Sunday, January 10, 2016

Top Ten Bites of 2015


I wasn't entirely sure that I would bother this year. Beyond the obvious that I've only posted seven times (!!!) since the 2014 iteration of this list, I've also struggled to come to a clear resolution about what I want to include. Not necessarily because, in hindsight, nothing seems all that noteworthy, but rather because as someone who occupies space on the periphery of the food industry, I feel as though I ought to be waxing poetic about uni squid ink housemade pasta with fermented chilies, and seared foie gras lobes with pickled cherries and saba rather than things like bread and butter, and oatmeal.
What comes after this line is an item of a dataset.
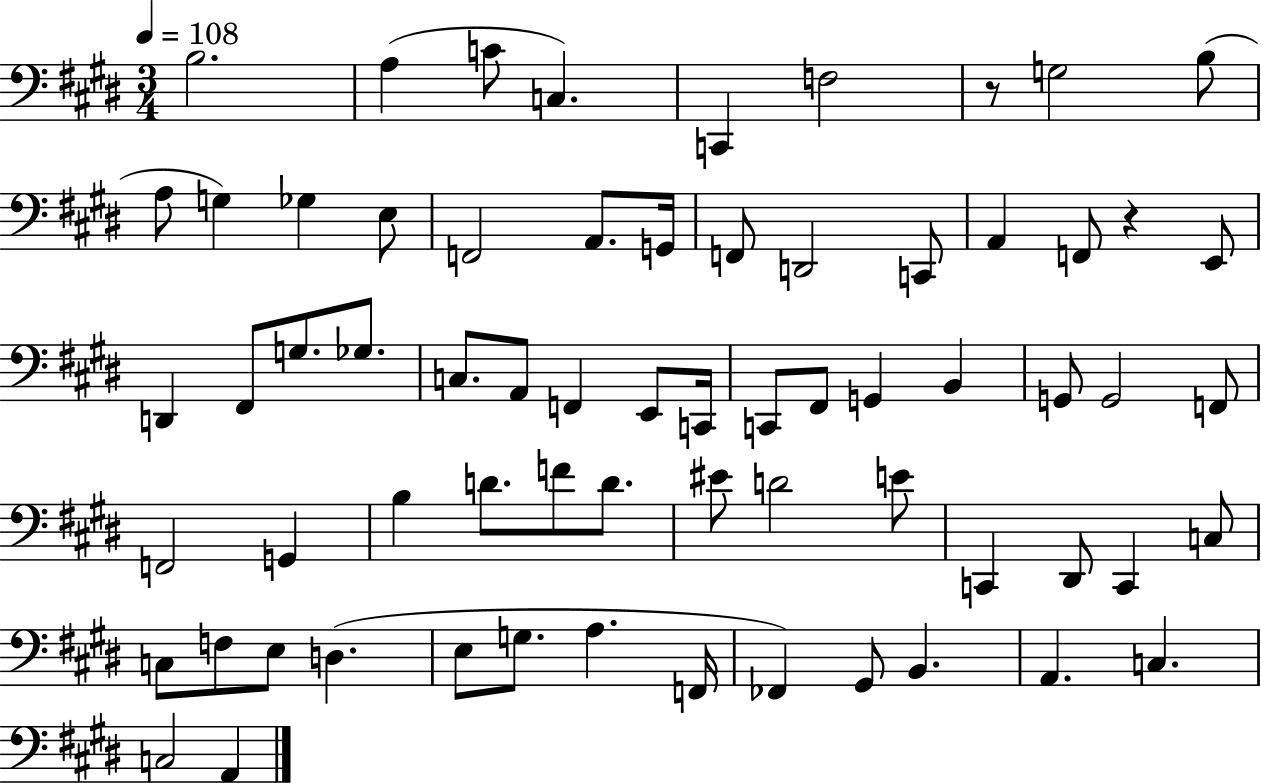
B3/h. A3/q C4/e C3/q. C2/q F3/h R/e G3/h B3/e A3/e G3/q Gb3/q E3/e F2/h A2/e. G2/s F2/e D2/h C2/e A2/q F2/e R/q E2/e D2/q F#2/e G3/e. Gb3/e. C3/e. A2/e F2/q E2/e C2/s C2/e F#2/e G2/q B2/q G2/e G2/h F2/e F2/h G2/q B3/q D4/e. F4/e D4/e. EIS4/e D4/h E4/e C2/q D#2/e C2/q C3/e C3/e F3/e E3/e D3/q. E3/e G3/e. A3/q. F2/s FES2/q G#2/e B2/q. A2/q. C3/q. C3/h A2/q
While there are certainly a handful of those highfalutin dishes that stand out to me from this past year, it's hard to strip a dish from the context and the company with which it was consumed. So much of the pleasure of dining is derived by the experience and occasion -- the ambiance of the restaurant, the hospitality of the staff, and, perhaps most significantly, the dynamic with one's dining companions. 

Even after seven or so years of said occupancy in the industry's periphery, I'm still amazed at food's ability to connect people who might not normally be, well, connected. It breaks down geographic, political, and ethnic barriers, and has the power to spawn and nurture friendships… even inspire love.

For, you know, people who are not me.

So, while 2015 didn't bring triple red heart emojis, it did illicit rib-bruising laughter and strengthened and built new relationships with the incredible people who make up the fiber of the food community in Los Angeles. It took me around the country to dining meccas like Chicago, New York, Portland, and San Francisco. And it brought these transcendent ten dishes into my orbit… and, now, perhaps yours.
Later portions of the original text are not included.